::: Exercise data :::
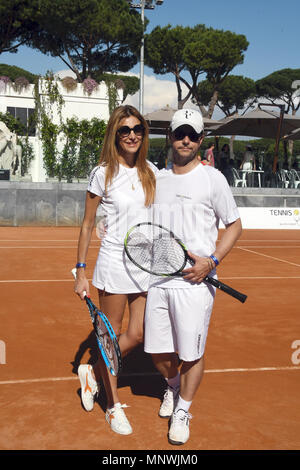 Rom, Italien. 19. Mai 2018. - Foro Italico Tennis und Freunden Adriana Volpe mit ihrem Ehemann Roberto Parli Credit: Giuseppe Andidero/Alamy leben Nachrichten Stockfoto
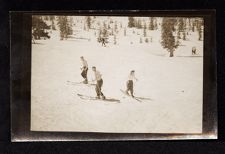 USS Saratoga crew on a ski trip
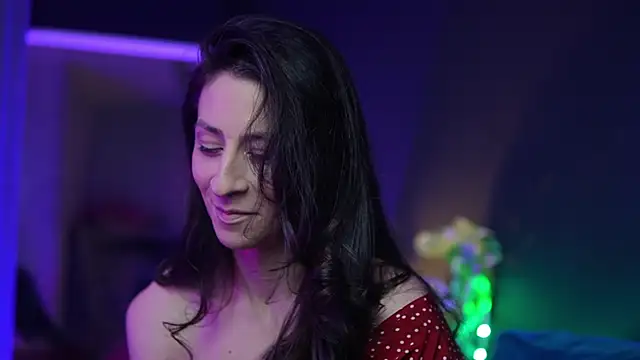 Snapshot of RubyRosa chatting on 17, 12, 2025 RubyRosa online show from 17, 12, 2025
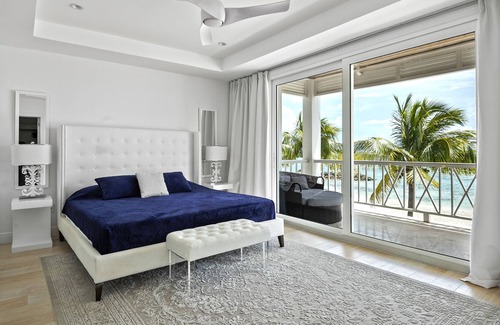 Palm Cay Villa | The White House - Exclusive Luxury Beachfront Villa - Private White Sand Beach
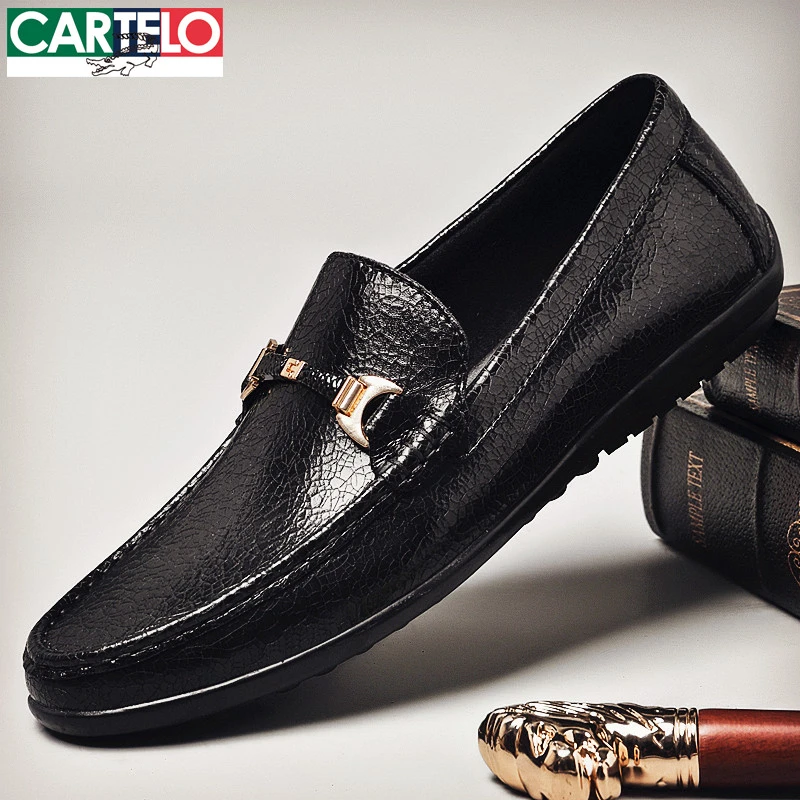卡帝乐鳄鱼休闲皮鞋男士豆豆鞋2025新款夏季款商务正装一脚蹬男鞋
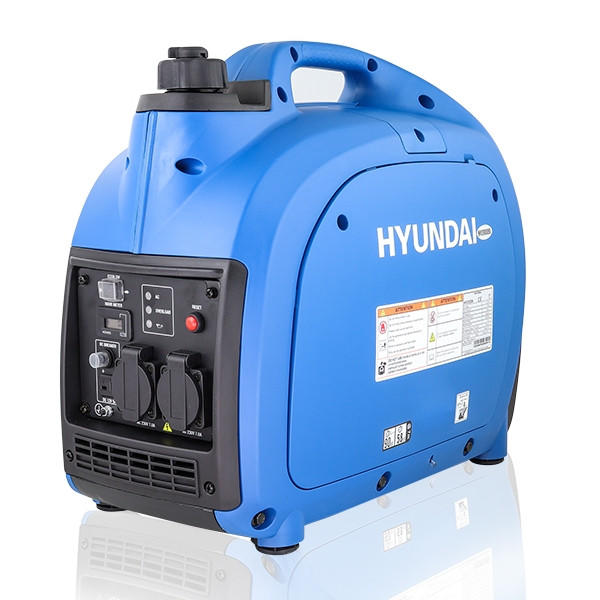 Hyundai HY2000Si 2000W / 2kW Petrol Inverter Generator, Pure Sine Wave Output, Portable Lightweight & Suitcase Style, Low Noise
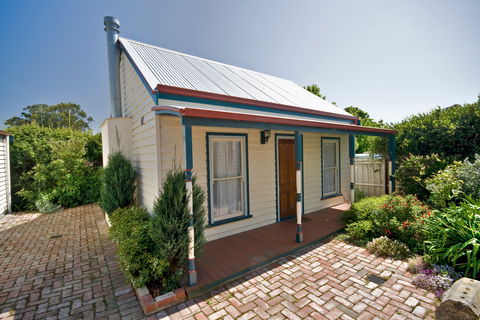 Torquay 1903 Period Cottages - Accommodation Gold Coast 1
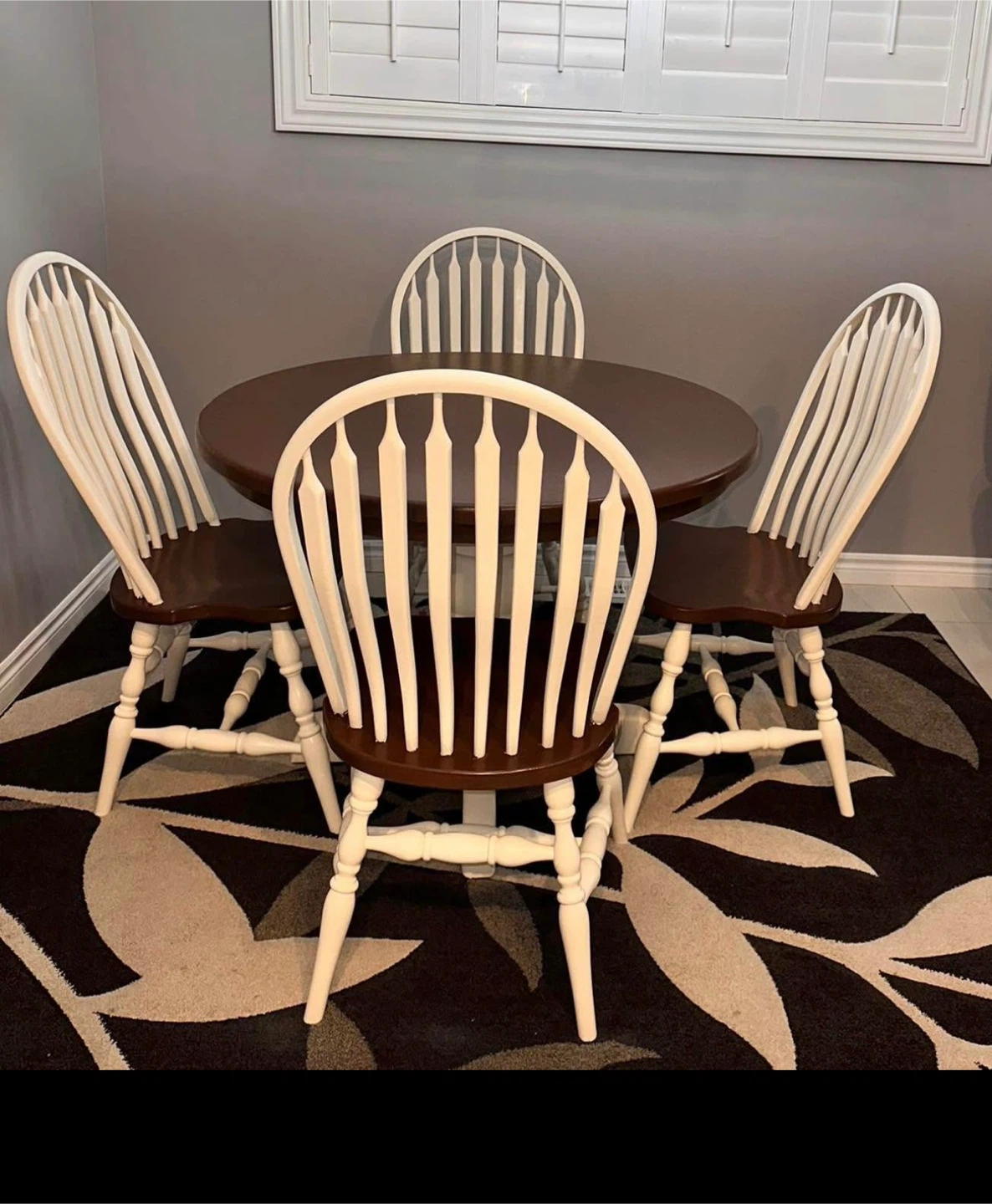 Round Dining Table with free Four Chairs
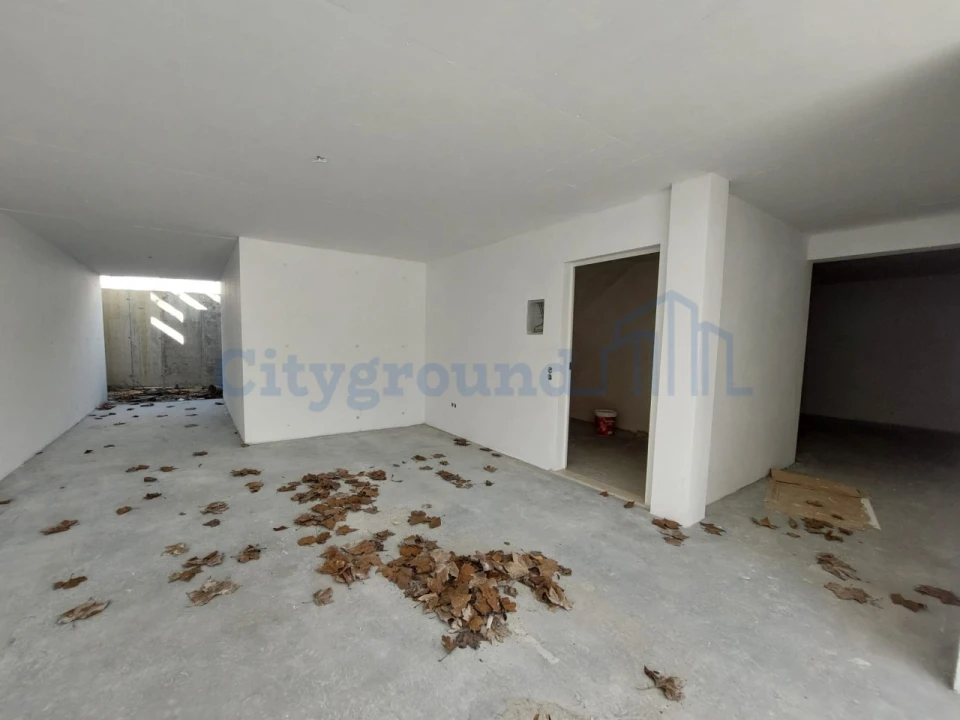 Moradia T4 para Venda em Santa Maria, São Pedro e Sobral da Lagoa Foto 29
:::
Exercise directions
Please copy the data above word for word, but only from the line that contains "Palm Cay Villa" through the final line, both included, and without the pictures.

Expected answer
 Palm Cay Villa | The White House - Exclusive Luxury Beachfront Villa - Private White Sand Beach
卡帝乐鳄鱼休闲皮鞋男士豆豆鞋2025新款夏季款商务正装一脚蹬男鞋
 Hyundai HY2000Si 2000W / 2kW Petrol Inverter Generator, Pure Sine Wave Output, Portable Lightweight & Suitcase Style, Low Noise
 Torquay 1903 Period Cottages - Accommodation Gold Coast 1
 Round Dining Table with free Four Chairs
 Moradia T4 para Venda em Santa Maria, São Pedro e Sobral da Lagoa Foto 29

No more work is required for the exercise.